[Start of section]

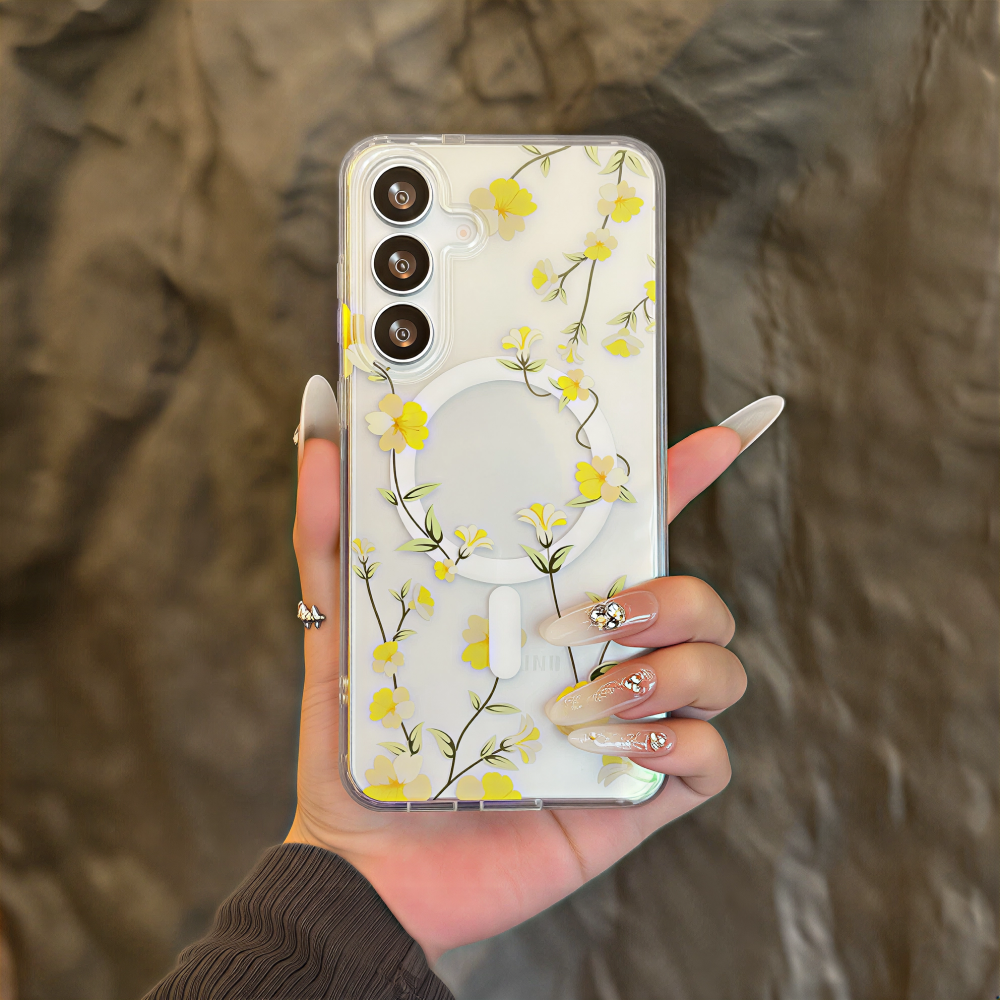 Cellect Samsung Galaxy A57 mágneses virág mintás lézernyomott tok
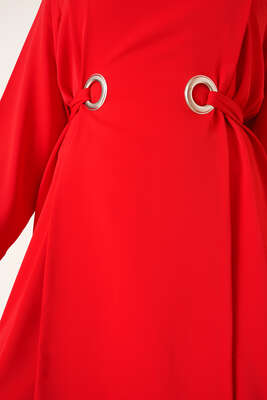 Katlı Kuşgözlü Tunik Kırmızı - Tunik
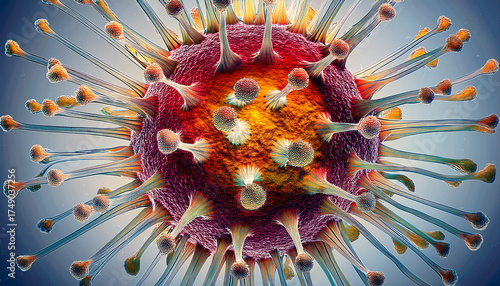 Microscopische Vieren von Corona, Covid, Varianten wie XFB, Stratus, NB.1.8.1, Nimbus - 11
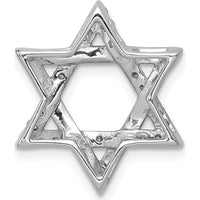 14K White Gold Diamond Star of David Pendant with Round Diamonds - 1/4 Carat Total Diamond Weight by Monteluci Fine Jewelry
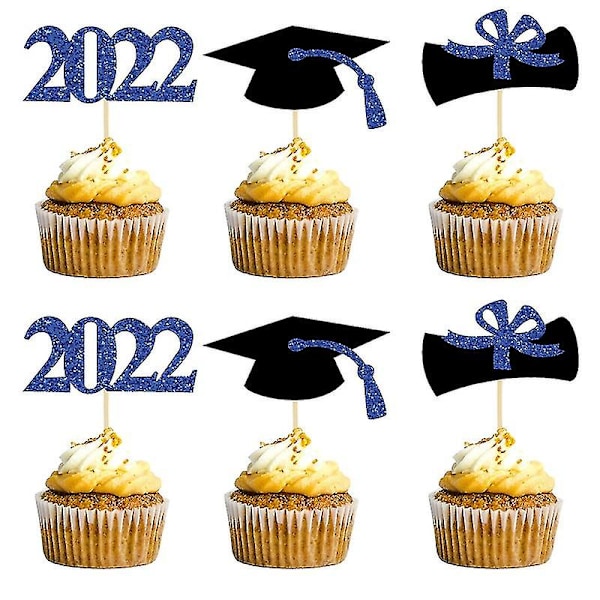 12 stk./sett 2022 Vakker Trencher Cap Form Kake Topper Gradueringsstil Dekorativt Papir Kake Topper For Fest Q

[End of section]

Output, exactly and only: the line containing "14K White Gold", the last line of the listing above, and every line in between. Leave the pictures out.

Solved exercise:
 14K White Gold Diamond Star of David Pendant with Round Diamonds - 1/4 Carat Total Diamond Weight by Monteluci Fine Jewelry
 12 stk./sett 2022 Vakker Trencher Cap Form Kake Topper Gradueringsstil Dekorativt Papir Kake Topper For Fest Q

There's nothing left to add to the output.